While this letter calls for more local authority, it also asks for more state oversight.
to enlist a reputable third-party auditor to validate the accuracy of the ballot counter machines with a sample hand count as part of the audit process
Is third-party going to be an answer to restore public trust in our elections? Or does adding another contractor completely miss the public outcry for election transparency? For me, I do not have lack of trust in our local election offices to conduct our election audits. In fact the opposite is true. I want local, county election staff/workers conducting a public audit. I have a problem with the procedures and lack of local authority to make decisions in the audit process. I have a problem that the board of canvassers and candidates are not able to receive data and access election materials to verify these results themselves.
The second suggestion by the Washington County Commissioners is to establish an Election Commission. This was proposed in the 2005 legislative session with HB200. Sadly, you can no longer read the proposed bill. It is important to remember that November 2020 was not the first time questions have been raised about the voting machines and accuracy of our elections. It is imperative to look to past legislation to see what was proposed, what worked, what did not and WHY.
Best of intentions does not always equal best results.
Now it is time to listen carefully, ask questions, and critically read any proposed changes to our election laws in 2023. Please do not fall for appeasement! Please look carefully, closely, and thoughtfully at any implementation of third-party auditors.
Just because a conversation is began with legislators, county clerks, and others to support changes does not automatically make it good for election transparency—it could very well add another layer of third-party, private companies or NGOs that the people must trust without verification or accountability. Keep the goal in mind: transparency and accountability to the people. Keep it simple, stupid is a popular saying for a reason.
Be watchful and really look at the details about contracting audits and election processes to a third-party. Isn’t this what all the fuss is about right now? Vendor contracts, proprietary data, etc? Analyze carefully if access to election data, election returns and election materials to the people is restricted further or if the changes increase transparency.
Here are some questions to ask:
Do the proposed changes provide verifiable transparency to the public?
Do the changes allow the public to see and verify the results and information?
Who are the third parties and election commission accountable to?
Who appoints the election commissioners? Who decides on the third-party contractor?
Are there conflict of interests, relationships or connections to election system vendors, VSTLs, NGOs, etc.?
Do the third-parties have to provide public records? If so who holds them accountable for this and what are the consequences of not providing records to the public? Are the records to be available online or by request?
I am sure many more questions will come up as discussion progress. Remember the goal is election verification!
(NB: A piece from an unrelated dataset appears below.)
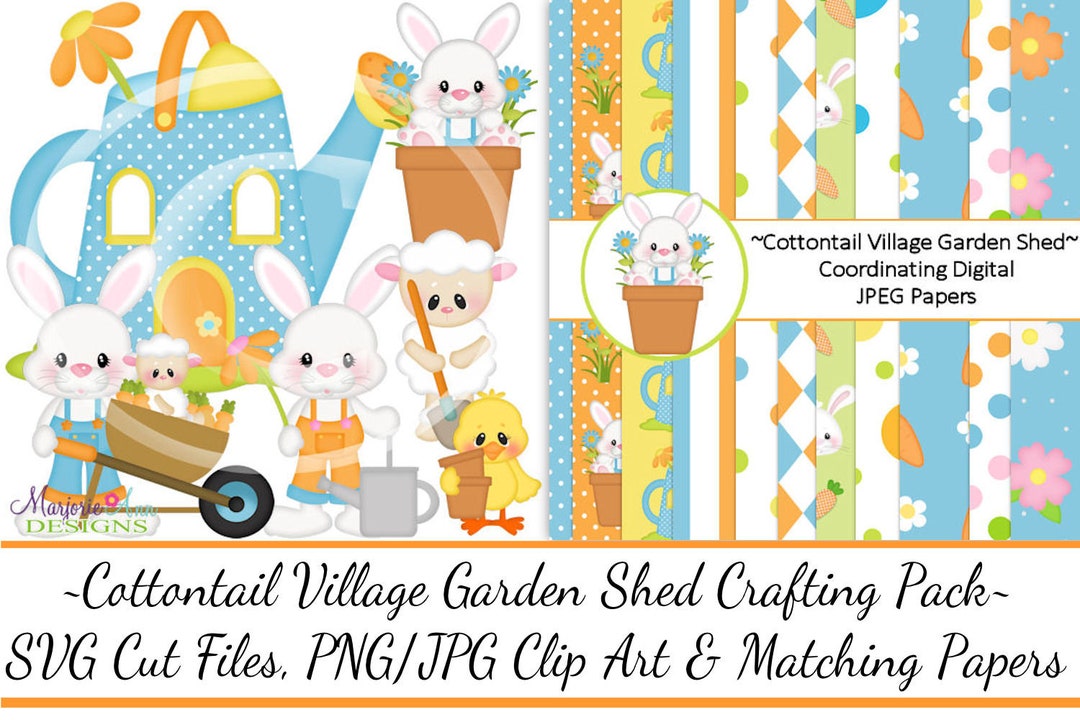 Cottontail Village-garden Shed Crafting Pack/svg Cutting Files/paper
Greatest trust is at the local level!
My concern about elections are not a lack of trust in our local leaders and people in our counties and cities of Utah—it is centralized elections, private companies who do not have transparency and accountability to the people, and NGO influence.
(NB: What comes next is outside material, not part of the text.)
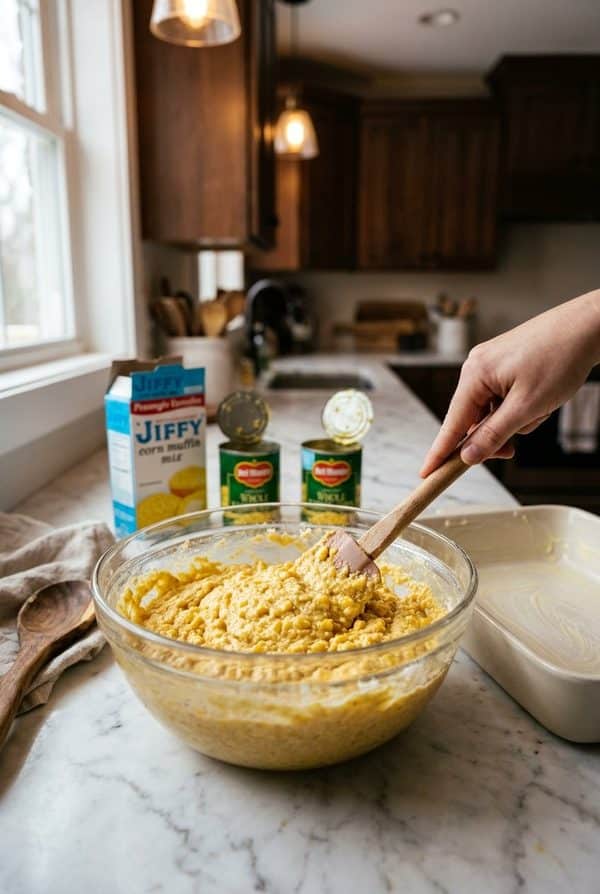 5-Ingredient Jiffy Corn Casserole being prepared in the kitchen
I want local, decentralized elections. I want the people who are elected to conduct elections, people on staff in our election offices, people working elections, people watching elections, and election auditors to be local people who can be “looked in the eye” as the saying goes. Meaning local people who live, work and serve in their communities. Local people that can be contacted directly with questions or for information. Ultimately its is “we the people”—keep elections local!